The "replacement of reality" by director Mikhail Kalatosishvili and cameraman Sergei Urusevsky has nothing in common with the "deformation of reality". Here we are talking about the complete portrayal of those tendencies and those indispensable events that were characteristic of the cinematic art of the 1950s. The "substitution of reality" by the means of cinematographic art testifies to the fact that film has succeeded in appropriating the image of reality and developing further in this direction. "The Cranes are Flying" was a kind of summary of how the Soviet film tried to apply the methods and means of neo-romantic film on the Soviet basis and thus paved the way for the great cinematic art of the 1960s.
"The Cranes are Flying" corresponds to the montage-like, poetic conception of reality in the film of the 1920s, as well as the artistic capture of the realistic world. This was excellently expressed in the masterpiece of M. Kalatosishvili's early work "The Salt of Svanetia" - by the clear black and white graphics of the mountain landscape, by the expressiveness in the construction of the image and the variety of the landscapes to be photographed, by the hidden romanticism and at the same time by the preservation of the strict cinematic signature.
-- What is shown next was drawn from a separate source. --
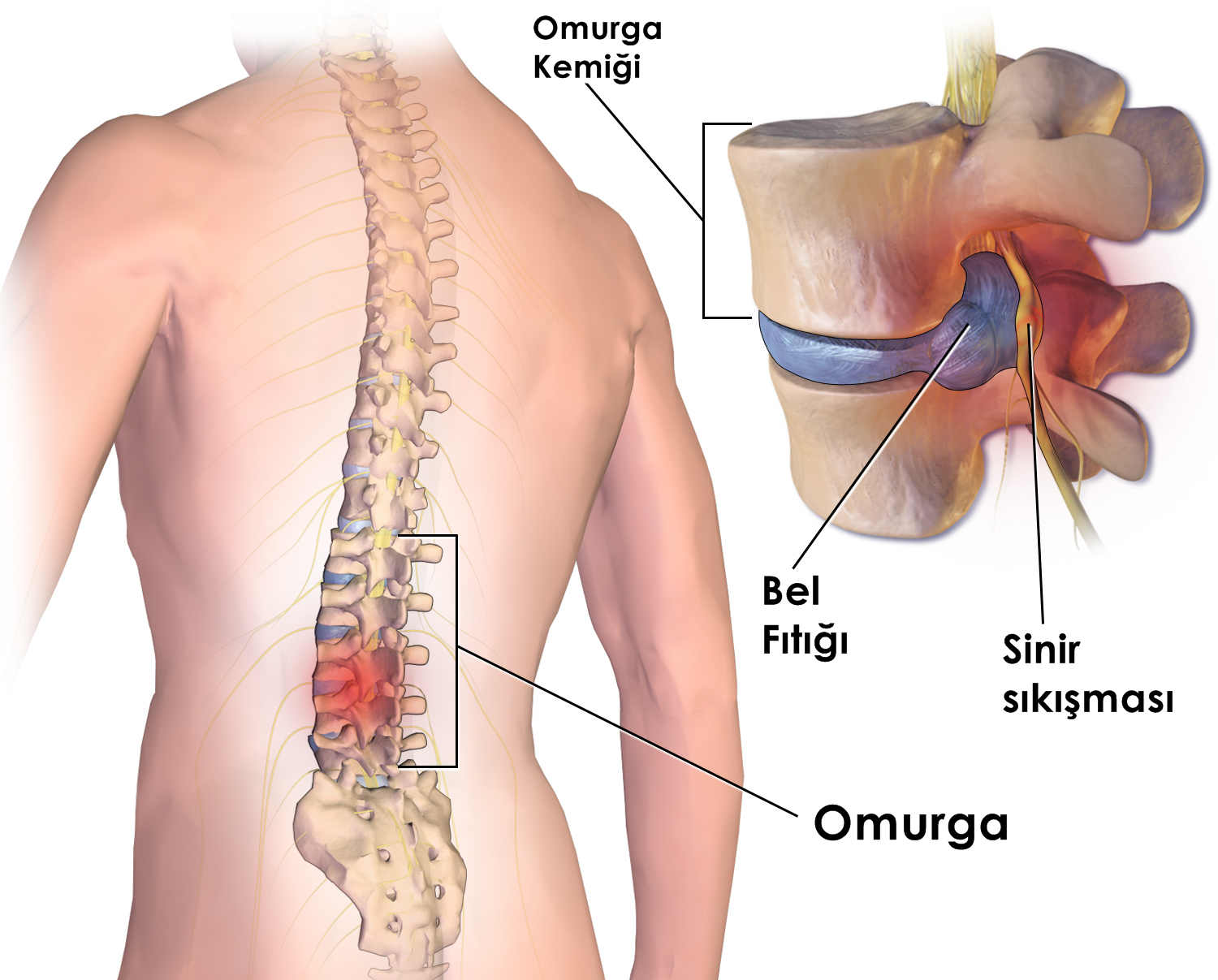 HERNIATED DISC IN LOWER BACK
"The Cranes are Flying" is a film with which everything began and a film with which everything continued. It is precisely at this time that cinematic art renounces the direct literary metaphor and creates its own cinematographic metaphor.
The development of the cinematic language clearly shows that the cinematic art works out its own concept through metaphor. The traditional definition of metaphor in poetry does not always correspond to the events of cinematic art. Metaphor gains new qualities in the art of film.
Apart from screen metaphors - (i.e. those metaphors that are created through the application of cinematic means, such as editing, camera movement, angle of view /french raccourcir- etc.), verbal, acoustic, musical, color metaphors are also distinguished. Thus the film metaphor proves to be a synthetic unit of all these types.
For this reason the general term is introduced into film theory - "the metaphorical in film". This term can be defined as follows: it is the pictoriality/imagery that acquires a transferred meaning through the application of all means of expression of film.
But the metaphor in film is not only an effort to penetrate into the depths of the full picture, but also to expand in space and time.
The art of film has much in common with the expanded metaphor in prose: the simultaneity of the discovery of the development of the subject and its transferred meaning; the necessity of the metaphorical context and subtext (hidden text) for the creation of the metaphor; the transformation of the metaphor into a constructive principle. The extension of the metaphor within the framework of the poetic form could lead to the abandonment of the development of the subject, the holistic narrative line. It was precisely this process that took place in the cinematic art of the 1920s, when metaphorism pushed narrative to second place, and thus the process of diverting attention from the subject began.
Within the framework of poetic constructions, film could not simultaneously show the course of the action and its metaphorical component, but in film, the metaphorical is unthinkable without the narrative. The modern metaphorical film icon cannot exist independently without relying on the narrative.